Hadoop Tutorial: Part 1 - What is Hadoop ? (an Overview)

Hadoop is an open source software framework that supports data intensive distributed applications which is licensed under Apache v2 license.

At-least this is what you are going to find as the first line of definition on Hadoop in Wikipedia. So what is data intensive distributed applications?

Well data intensive is nothing but BigData (data that has outgrown in size) and distributed applications are the applications that works on network by communicating and  coordinating with each other by passing messages. (say using a RPC interprocess communication or through Message-Queue)

Hence Hadoop works on a distributed environment and is build to store, handle and process large amount of data set (in petabytes, exabyte and more). Now here since i am saying that hadoop stores petabytes of data, this doesn't mean that Hadoop is a database. Again remember its a framework that handles large amount of data for processing. You will get to know the difference between Hadoop and Databases (or NoSQL Databases, well that's what we call BigData's databases) as you go down the line in the coming tutorials.

Hadoop was derived from the research paper published by Google on Google File System(GFS) and Google's MapReduce. So there are two integral parts of Hadoop: Hadoop Distributed File System(HDFS) and Hadoop MapReduce.

Hadoop Distributed File System (HDFS)

HDFS is a filesystem designed for storing very large files with streaming data access patterns, running on clusters of commodity hardware.
Well Lets get into the details of the statement mentioned above:

Very Large files: Now when we say very large files we mean here that the size of the file will be in a range of gigabyte, terabyte, petabyte or may be more.

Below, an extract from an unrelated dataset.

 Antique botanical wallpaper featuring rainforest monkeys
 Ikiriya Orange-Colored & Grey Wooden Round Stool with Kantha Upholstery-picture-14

Streaming data access: HDFS is built around the idea that the most efficient data processing pattern is a write-once, read-many-times pattern. A dataset is typically generated or copied from source, and then various analyses are performed on that dataset over time. Each analysis will involve a large proportion, if not all, of the dataset, so the time to read the whole dataset is more important than the latency in reading the first record.

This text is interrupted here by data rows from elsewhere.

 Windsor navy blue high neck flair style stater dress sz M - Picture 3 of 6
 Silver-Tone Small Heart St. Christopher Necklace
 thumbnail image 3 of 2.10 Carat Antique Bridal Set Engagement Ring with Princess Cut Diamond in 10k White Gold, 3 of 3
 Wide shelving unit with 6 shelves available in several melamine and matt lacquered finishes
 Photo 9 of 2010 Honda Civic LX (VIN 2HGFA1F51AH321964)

Commodity Hardware: Hadoop doesn't require expensive, highly reliable hardware. It’s designed to run
on clusters of commodity hardware (commonly available hardware that can be obtained from multiple vendors) for which the chance of node failure across the cluster is high, at least for large clusters. HDFS is designed to carry on working without a noticeable interruption to the user in the face of such failure.

Now here we are talking about a FileSystem, Hadoop Distributed FileSystem. And we all know about a few of the other File Systems like Linux FileSystem and Windows FileSystem. So the next question comes is...

What is the difference between normal FileSystem and Hadoop Distributed File System?

The major two differences that is notable between HDFS and other Filesystems are:

  • Block Size: Every disk is made up of a block size. And this is the minimum amount of data that is written and read from a Disk. Now a Filesystem also consists of blocks which is made out of these blocks on the disk. Normally disk blocks are of 512 bytes and those of filesystem are of a few kilobytes.  In case of HDFS we also have the blocks concept. But here one block size is of 64 MB by default and which can be increased in an integral multiple of 64 i.e. 128MB, 256MB, 512MB or even more in GB's. It all depend on the requirement and use-cases. 
          So Why are these blocks size so large for HDFS? keep on reading and you will get it in a next few tutorials :)
  • Metadata Storage: In normal file system there is a hierarchical storage of metadata i.e. lets say there is a folder ABC, inside that folder there is again one another folder DEFand inside that there is hello.txt file. Now the information about hello.txt (i.e. metadata info of hello.txt) file will be with DEF and again the metadata of DEF will be with ABC. Hence this forms a hierarchy and this hierarchy is maintained until the root of the filesystem. But in HDFS we don't have a hierarchy of metadata. All the metadata information resides with a single machine known as Namenode (or Master Node) on the cluster. And this node contains all the information about other files and folder and lots of other information too, which we will learn in the next few tutorials. :) 
Well this was just an overview of Hadoop and Hadoop Distributed File System. Now in the next part i will go into the depth of HDFS and there after MapReduce and will continue from here...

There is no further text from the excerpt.